Flash is the revolutionizing force in the storage market, providing next-generation storage platforms a level of performance previously unobtainable and more ideal to support the data access requirements of today and for the foreseeable future. Flash is broadly offered in one of two formats. There are all-flash arrays that tend to focus solely on high-performance for the high-end of the market. There’s also a vast number of hybrid flash & disk architectures, where the consensus views flash as too expensive for use as a persistent storage tier and instead implement it as a cache tier in one form or another (array, host-based cache or converged platforms).
Since our inception Pure Storage has committed to make flash affordable for broad adoption across a wide range of customers, applications and markets. In order to deliver on this vision we had to develop 5 forms of data reduction technology that we call FlashReduce. These technologies work in unison, autonomously, and without encumbering performance. This is a fundamentally unique approach within the storage industry and one worthy of deeper discussion.
Traditional Data Reduction in Storage Arrays
Data reduction technologies have been available in various forms on storage platforms for a number of years. The bulk of array-based implementations have been for backup operations as the associated overhead is unacceptable for the vast majority of production applications.
In arrays that provide data reduction for production workloads one will often find a single form of data reduction, compression or deduplication, which tend to result in storage savings for a subset of data, often resulting in modest capacity savings of 2:1 or less. These technologies are often burdensome to implement as they often operate as a scheduled process that can be difficult to manage without negatively impacting other data management processes including snapshots, backup and replication.
Reinventing Data Reduction for Broad Adoption
Pure Storage designed FlashReduce to be broadly applicable, able to reduce capacity across a large number of data types, and operate automatically without impact to performance or datacenter operations. To truly appreciate the elegance of the data reduction engine one should understand the technologies implemented, how block size impacts reduction, and the broad applicability that results from the combined use of these technologies.

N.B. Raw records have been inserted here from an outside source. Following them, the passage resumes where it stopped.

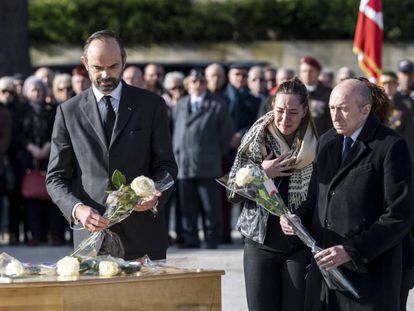 El primer ministro, Édouard Philippe, y el ministro del Interior, Gérard Collomb, junto con la hija de Christian Medves en el funeral de las víctimas del atentado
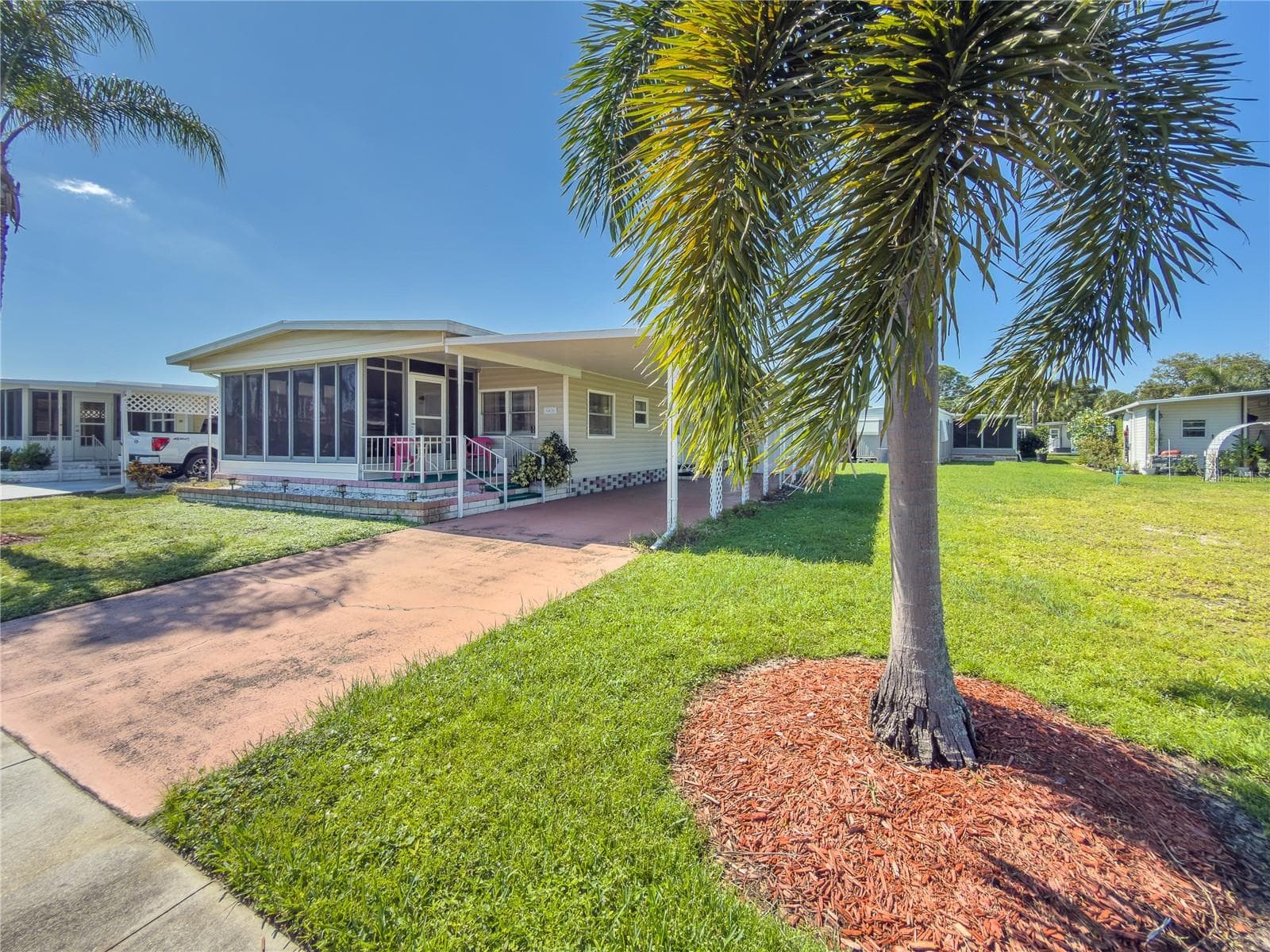 Mobile Home at 5408 CHATEAU LN, BRADENTON, photo 8 of 63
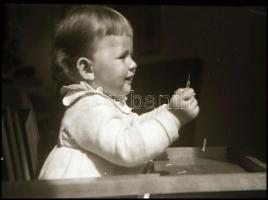 F otó negatívok reklámos negatív tartóban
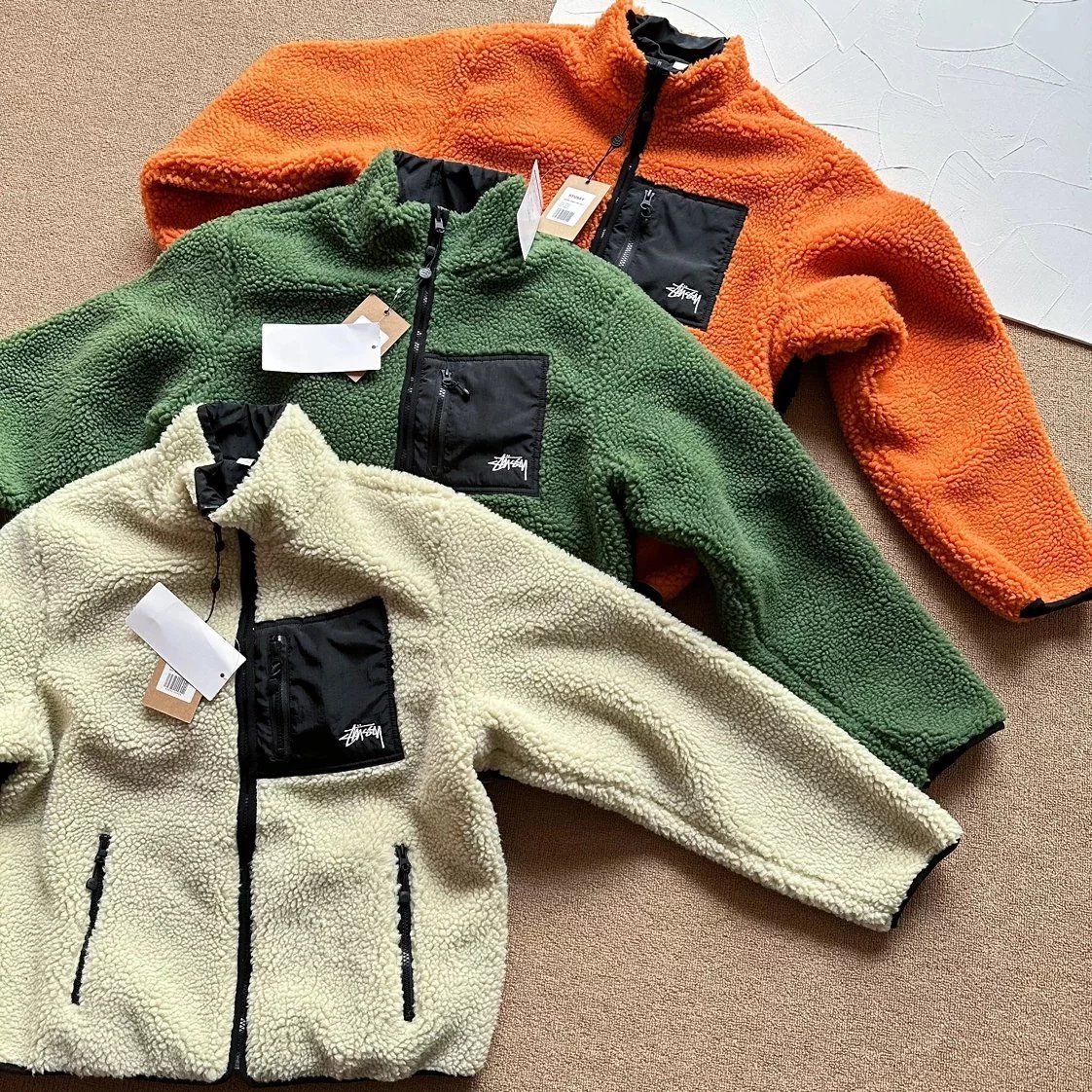 Design 8-Ball Sherpa Jacket Beige and Black Outerwear - 62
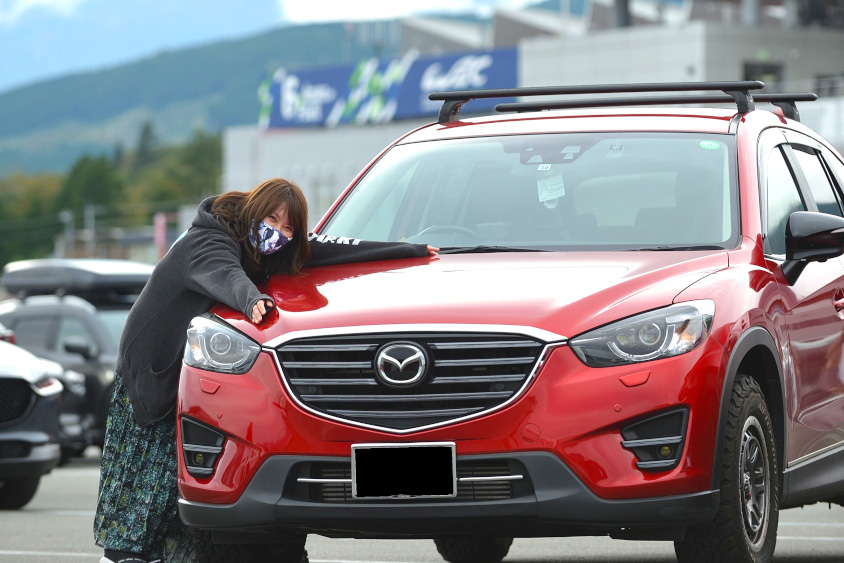 マツダ・CX-5に抱き着く「みo」さん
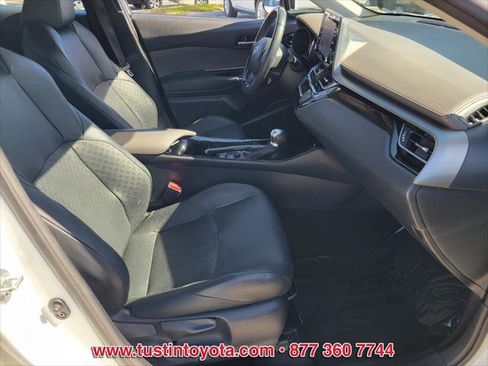 Certified 2022 Toyota C-HR Limited image 15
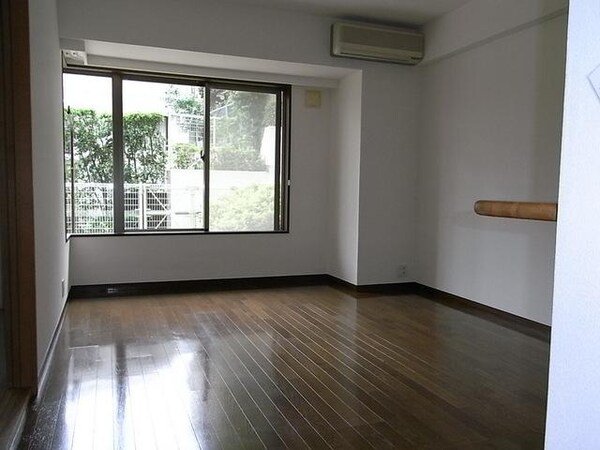 設備(明るいリビングスペース（床暖房）)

An Adaptive Data Reduction Engine
The Purity Operating Environment of the FlashArray implements 5 forms of the data reduction technology. All are autonomous and work in unison to provide data reduction across a broad set of applications and use cases without scheduling or administrative intervention. As data is written to the FlashArray it is checksummed for integrity and is acknowledged (ACK’d). This is where the Purity O.E. FlashReduce process begins…
1. Pattern Removal with 8-bit Granularity Pattern removal identifies repetitive binary patterns, including zeros, as data enters NVRAM. This process optimizes NVRAM capacity and reduces the volume of data to be processed by the dedupe scanner and compression engine.
2. Adaptive Data Deduplication with 512-byte Granularity Dedupe ensures only unique blocks of data are stored on flash. Data in NVRAM is scanned via a lightweight hash-based process that ensures data integrity and performance. Hash results from new data are compared to the results of existing data stored in a hash table. Potential matches are validated via a binary comparison of the NVRAM and SSD data prior to being confirmed and released (i.e. hashes are not trusted, dedupes are only declared after verifying a data match 100%). The adaptability of the dedupe scanner ensures peak performance while maximizing data reduction. With 512-byte granularity, Purity O.E. can produce data deduplication results from datasets that cannot be reduced by traditional fixed block dedupe implementations. Supporting variable dedupe chunks ranging in size from 4KB to 32KB reduces metadata, which in turn aides system scalability. The scanner even adapts to changes in I/O load and will reduce the time allocated to the dedupe process in order to ensure system performance under extreme write loads.
3. Adaptive Data Compression Compression encodes data in a format that requires less capacity than the original format. The compression engine scans data in NVRAM to determine the level of reduction that can be obtained from a lightweight Lempel–Ziv–Oberhumer (LZO) lossless algorithm. The engine compresses data identified to produce moderate to high capacity savings and skips data identified as producing little savings or deemed as uncompressible. This adaptive nature maximizes CPU by ensuring they are spent on data sets that produce the greatest returns.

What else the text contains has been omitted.